L’opera di Emilio Ventura risponde a pieno a questo interrogativo: c’è un non luogo dell’anima in cui tutto tace, solo una eco in lontananza che rischiara i battiti di una pendola a ricordarci che l’esistenza è scandita da un’α e un’ω. Questo non luogo ospita le inquietudini dell’Essere, dove l’incontro e la relazione tra anime culminano in ipocondrie ancestrali e paure claustrofobiche. Un non luogo come Marc Augè lo intende: quegli spazi dell’anonimato ogni giorno più numerosi e frequentati da individui simili, ma soli. Il non luogo è il contrario di una dimora, di una residenza, di un luogo nel senso comune del termine. È in questo dove che l’Essere si incontra con la Morte per dar vita ad un balletto di ombre. Laddove la bambina impara a conoscere chi l’accompagnerà per l’intero corso esistenziale, quella compagna che rifiuterà inizialmente ponendosi in conflitto con lei, combattendola, lottando contro la sua fisicità, la sua corporeità, ma che nella sua maturità accetterà, perché capace di comprendere il vero senso della vita: vivere è anche morire!...

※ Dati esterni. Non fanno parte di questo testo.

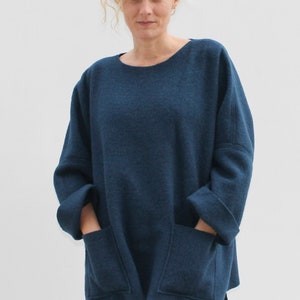 Op de afbeelding: Een oversized donkerblauwe trui met lange mouwen en twee grote opgestikte zakken. De trui heeft een losse pasvorm en een ronde hals.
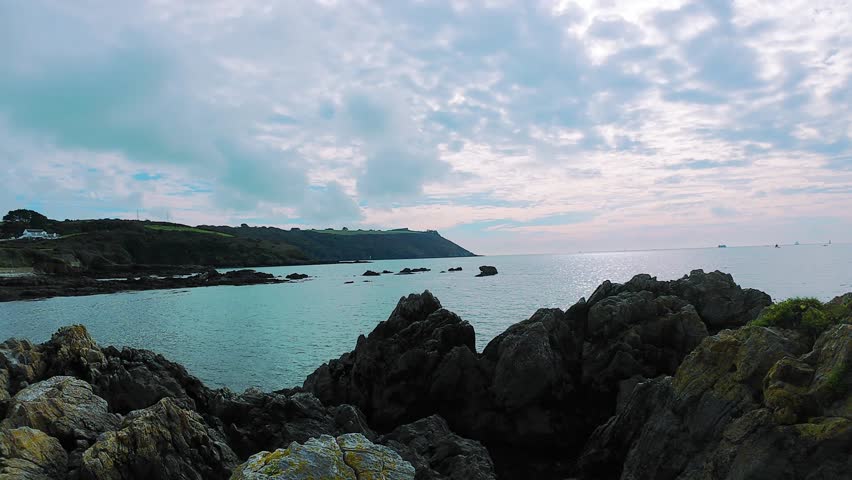 peaceful seaside landscape with natural elements, tranquil seaside scene featuring waves and cliffs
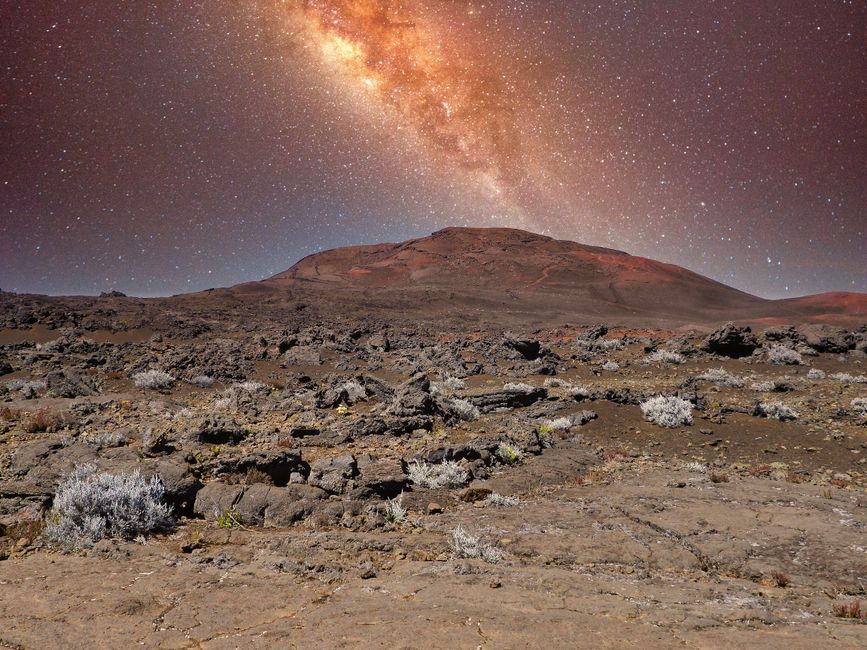 Vibrant Milky Way over the rugged landscape of Piton de la Fournaise, capturing the serene beauty of the volcanic terrain.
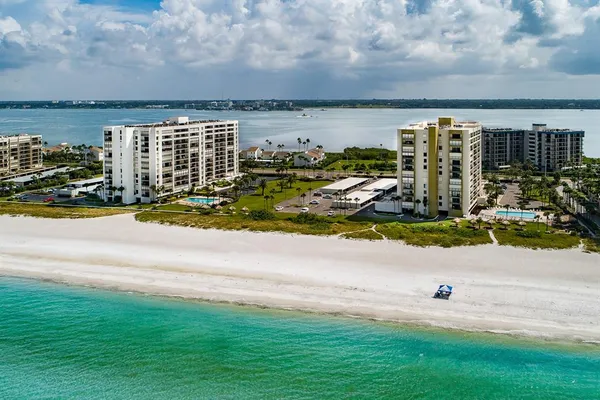 a view of swimming pool with outdoor seating and yard in back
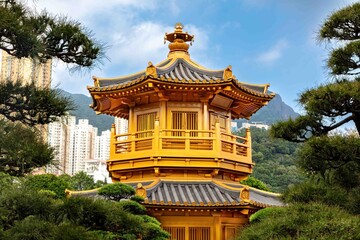 Fototapeta premium Pagoda in Nan Lian Garden, Hong Kong. Trees of the garden, Hong Kong skyline in the background. Cloudy sky overhead. 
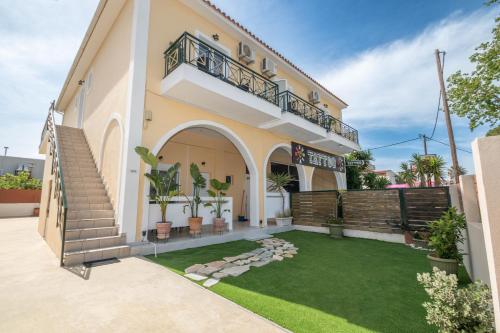 a house with a balcony and a yard at Dora's Apartments in Laganas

Questo riflesso translucido della coesistenza tra un passato e un futuro è lo specchio del presente: la bambina-adulta sorridente insieme alla Morte, che le sta accanto, che ha imparato a conoscere e con la quale convive e convivrà per il resto dei suoi giorni. Nel sorriso della giovane donna c’è, ormai, la consapevolezza di aver vissuto e scoperto, almeno in parte, in che cosa consiste il vivere. Non è di certo un vivere per morire, ma un vivere per essere, per l’Essere. La complicità con la Morte è consapevole, matura. Nei lavori di Ventura c’è la necessità dell’Esserci nel mondo heideggeriano. È l’espressione, che si fa esperienza e percettibilità di qualcosa di superiore, di oltre. Qualcosa “über die line”, “oltre la linea”, oltre i confini del percettibile dove troviamo soltanto il deserto dei Tartari, un deserto esistenziale, che collima con quel non luogo dell’anima, dell’esistenza in cui si rifugiano i soggetti di Ventura, sempre in bilico tra l’essere e il non essere, tra la realtà e la farsa, tra una danza tra comparse e un’imitazione del possibile. Oltrepassare quel confine, andare oltre significherebbe probabilmente intraprendere un percorso attraverso il quale finalmente comunicare, inoltrarsi per vie impervie e irte di pericoli, ma interagire, comprendere il reale, cercare un territorio dell’aldiquà, girare le spalle all’aldilà; facendo quadrare il cerchio, riunendo l’essenza stessa dello spirito in un’azione trasformatrice e violenta, che conduca dal degrado della miseria umana all’azione, all’Essere nel mondo, nell’evoluzione naturale che oggi l’arte deve avere esprimendo, essendo espressione, votandosi ancora una volta all’esperienza come sentire, come percepire, come unica isola, unico continente raggiungibile, come unica ancora di salvezza: l’Essere per Essere.